From his store in downtown Roseburg, and with the help of a local club of enthusiasts, Lachlan MacKinnon is introducing as many people as he can to the hobby of model railroading. 

Story by Josh Gaunt, Photos by Kevin Eckerman


The storefront on Southeast Cass Avenue in Roseburg has a small overhead sign that reads simply “Trains.”

Welcome to Mac’s Tracks, since 2007 the headquarters for model railroaders in the Umpqua Valley and beyond. Enter at the risk of reawakening your creativity, imagination and more than a little nostalgia.

Founded and run by Lachlan MacKinnon, Mac’s Tracks caters to everyone from the greenest gandy dancer to expert yardmasters — selling track, locomotives, rolling stock and accessories for all gauges of model trains.

MacKinnon is an authorized dealer for many manufacturers of train equipment, and if he doesn’t have an item in stock, he knows where to find it.

But MacKinnon isn’t only a merchant of model railroads. He’s also an ambassador for the hobby, which was once wildly popular in the U.S. but has become more of a niche pastime.

“I wanted to encourage people in the hobby of model railroading,” MacKinnon says.

Lachlan MacKinnon, owner of Mac's Tracks.

Lachlan MacKinnon, owner of Mac's Tracks.

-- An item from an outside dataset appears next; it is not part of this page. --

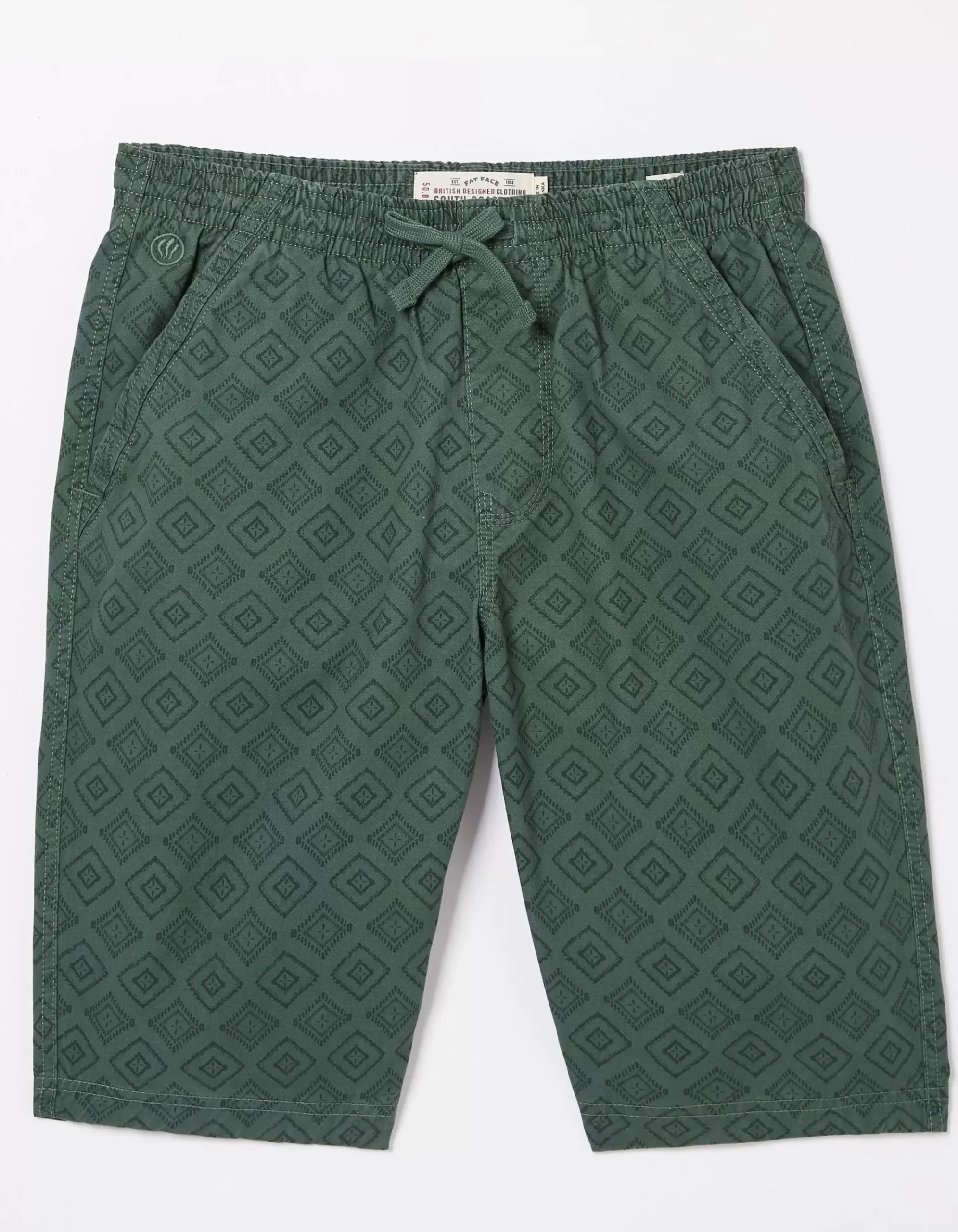 Men FatFace Shorts|Seaton Tile Print Shorts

A few blocks from his store, in the basement of a downtown Roseburg law office, is a miniature world of its own, the main layout of the Umpqua Valley Model Railroad Club — a breath-taking assembly of operational, scale-model freight yards, passenger depots, mountains, tunnels, bridges, trestles, crossing signals, buildings and cityscapes that evokes the days when the Southern Pacific regularly rumbled through Roseburg.

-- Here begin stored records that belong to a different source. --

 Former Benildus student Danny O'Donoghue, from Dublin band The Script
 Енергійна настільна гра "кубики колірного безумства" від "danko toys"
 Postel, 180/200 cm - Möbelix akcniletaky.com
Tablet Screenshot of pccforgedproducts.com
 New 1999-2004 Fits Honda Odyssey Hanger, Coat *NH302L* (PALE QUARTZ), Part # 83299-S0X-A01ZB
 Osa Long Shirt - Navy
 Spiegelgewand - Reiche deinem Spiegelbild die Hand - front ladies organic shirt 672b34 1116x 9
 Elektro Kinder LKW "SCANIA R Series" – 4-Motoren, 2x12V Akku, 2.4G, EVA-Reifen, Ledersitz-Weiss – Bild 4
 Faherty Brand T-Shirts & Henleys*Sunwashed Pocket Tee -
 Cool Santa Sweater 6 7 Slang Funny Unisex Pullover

Elaborately wired and with computerized controls, the layout is a web of track loops, switches and grades — meticulously built to look like the real thing, right down to the weathered-looking paint on buildings and the ballast on the tracks.

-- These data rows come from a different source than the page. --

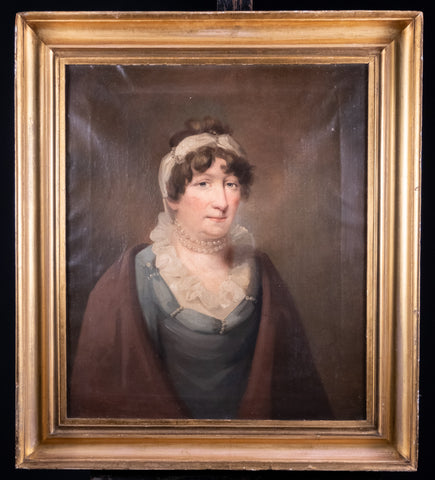 Portrait of 'Jean Bryce or Crawford'. Oil On Canvas. - Harrington Antiques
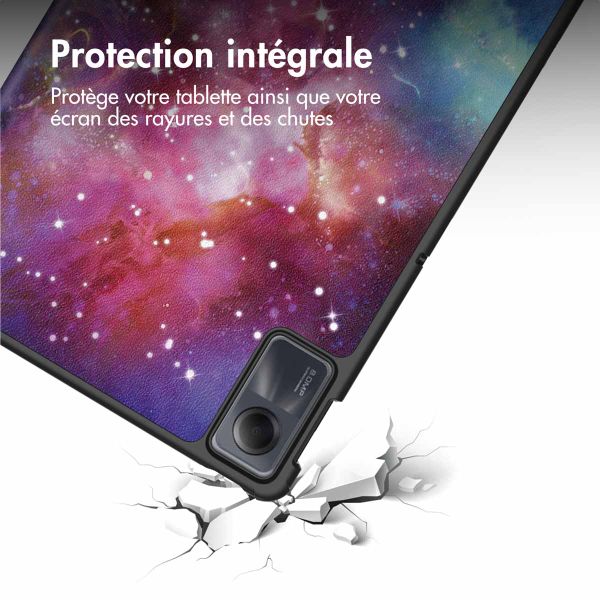 imoshion Coque tablette Design Trifold Xiaomi Redmi Pad SE - Space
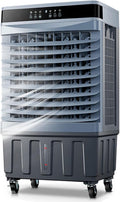 QYOEGSQ Turmventilator, 160 W, 220 W, Weiß, 3-in-1-Verdunstungsluftkühler-Spaß, 3 Geschwindigkeiten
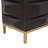 Wooden 1 Shelf and 2 Doors Geometric Room Cabinet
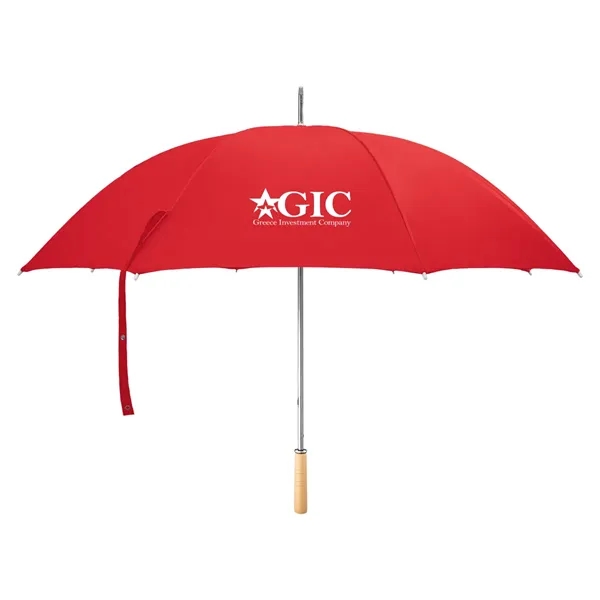 Golf umbrella with metal shaft and wood handle.... from ASI 61125 Hit Promotional Products / Hit®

Traversing through is the assembled trains of club members — freight and passenger lines.

“We play like we’re running a real railroad,” MacKinnon says.

Because many members of the club don’t have room for a layout in their homes, the office basement offers them the chance to work on their hobby and run their trains.

The Umpqua Valley club meets regularly, and members also take part in model railroad shows, demonstrating their hobby and encouraging others to take it up.


– Lachlan MacKinnon

A native of Alaska, MacKinnon got the train bug as a toddler playing with his older brothers’ trains at home. He got his own set at age 12 and joined a local model railroad club in Juneau.

But as he got older, he lost interest and put his trains in storage for more than three decades. His interest revived, however, when he decided he needed a respite from job-related stress. He rejoined the club and, in 1991, started selling model railroading gear out of his home.

A decade ago, when he moved to Roseburg for family reasons, he took the train business with him.

“I was totally surprised by how friendly people were here,” he says. “It was kind of a cultural shock.”

Mac 19.jpg

The business quickly outgrew MacKinnon’s home, so in 2008 he moved into the Cass Avenue location.

There, under that “Trains” sign, he promotes the hobby while selling all things model railroad-related — even Thomas the Tank Engine sets for younger engineers. Today, Mac’s Tracks carries the largest model-train inventory in Southern Oregon. Most of MacKinnon’s customers are new to the hobby. Some are over 60, but he has younger enthusiasts as well. All are encouraged to join the train club, whose members share their expertise and where beginners can learn layout skills from experienced hobbyists.

“The benefits of a hobby can teach your children creativity and help them learn to find enjoyment from playing on their own, instead of a computer,” MacKinnon says. “You can basically recreate the world that you live in, in miniature. Model railroading can be a hobby best enjoyed when the family and friends work together to build a layout and operate the trains.”